In accordance with one broad aspect of the present invention there is provided a keyboard wherein variable pressure means are provided to vary the pressure necessary to successfully depress a key.
In a further broad form there is provided a variable keystroke pressure apparatus comprising an inflatable means adapted to be disposed between at least some of the keys of a keyboard and the keyboard base in such a manner that the pressure inside said inflatable means can be varied to vary the pressure necessary to successfully depress a key.
Apart from providing exercise to the fingers the invention also provides a cushioning effect at the end of each keystroke to prevent the impact effect on the fingers.
One embodiment of the present invention will now be described, by way of example only, with reference to the accompanying drawings, in which:
FIG. 1 is a perspective view of the inflatable means fitted to a keyboard;
FIG. 2 is a plan view of the inflatable means of FIG. 1;
FIG. 3 is a view of Section 3--3 of FIG. 2 showing the bladder in a partially inflated disposition;
FIG. 4 is a similar view of FIG. 3 but showing the bladder in an evacuated disposition; and
FIG. 5 is a plan view of an alternative inflatable means to that shown in FIG. 2.
In FIG. 1 the inflatable means 10 comprises a variable pressure bladder 11 which is designed to fit between the base plate 12 and keys 13 of a keyboard. The design of the bladder 11 will vary for different keyboard layouts but in general it has a series of apertures 14 which once the keys 13 are removed allows the bladder 11 to be placed over the key shafts 15 through the apertures 14 and rest on the base plate 12. The edges of the apertures 14 are sealed. The keys 13 and then replaced on their relevant shafts 15. The bladder 11 thus surrounds the base of each key shaft 15 while still allowing the key 13 full range of movement in order to register its depression. A tube 16 is fitted to the bladder 11 at one end and to a variable pressure system at the other end. The pressure within the bladder 11 may be held constant for a particular user. Alternately the pressure may be varied according to a predetermined cycle. By cyclically varying the pressure over say 30 minutes or one hour, the user gets varying exercise whilst keystroking which will adequately provide the exercise needed to substantially reduce or avoid the need for exercise breaks.
A simple form of the variable pressure system 20 comprises an air pump mounted within housing 21.
The pump outlet is connected to the tube 16.
The operator may vary the pressure and the time intervals within the cycle, by setting the dials 22, 23 and 24 which control the pump, for a cycle with the pressure "on" and the pressure "off" at predetermined intervals.

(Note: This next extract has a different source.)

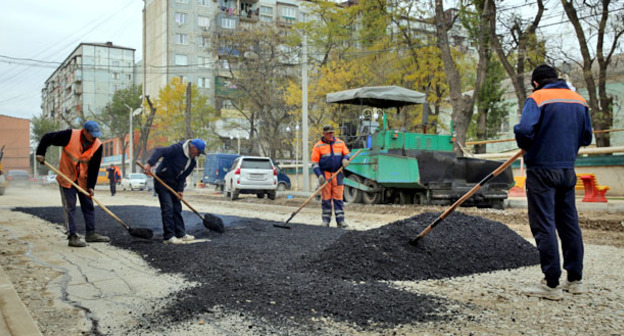 Ремонт дороги в Махачкале. Фото http://www.riadagestan.ru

The dial 22 can be set for a certain time period with pressure "on" whilst the dial 23 can be set for time period with the pressure "off". In this way the timers switch the air pump mounted within the housing 21 either "on" or "off" for the predetermined cycle periods. When the pump is turned on it supplies air to the bladder at the desired pressure which is controlled by the third dial 24. In this way the pressure may be selected to be "on" for say ten minutes and then "off" for say five minutes.
The system can operate between pressures of 0 kPa and 10 kPa (kilopascals), however, the normal working range is more likely to be in the area of 0.5-6 kPa. The force which must be exerted to contend with pressures above say 8 kPa is unlikely to allow higher pressures to be used in practice. The maximum pressure used simple relates to whatever is a reasonable maximum force required to depress a key without making it unduly heavy for the operator.
By retaining a low pressure in the bladder in the "off" cycle a cushioning effect is maintained.
The construction of the bladder 11 does not require any exotic methods of materials. In a simple form it can be made from two sheets of durable, resilient plastics material welded together around the perimeter and apertures 14 as shown in FIGS. 3 and 4. In a slightly more sophisticated form the two sheets may be separated by a vertical wall at the welds.
FIG. 5 shows a plan view of a variation on the bladder 11 shown in the preceding figures and description, in that instead of providing an individual aperture 14 for each key shaft 15, a series of slotted apertures 17 are provided. The slotted apertures 17 allow for sufficient support of the keys by the bladder 18 and also allow for one bladder 18 to accommodate a range of keyboard layouts.
In large systems a series of keyboards can be linked to a programmed air pump to provide the pressure variations necessary, to a large number of users.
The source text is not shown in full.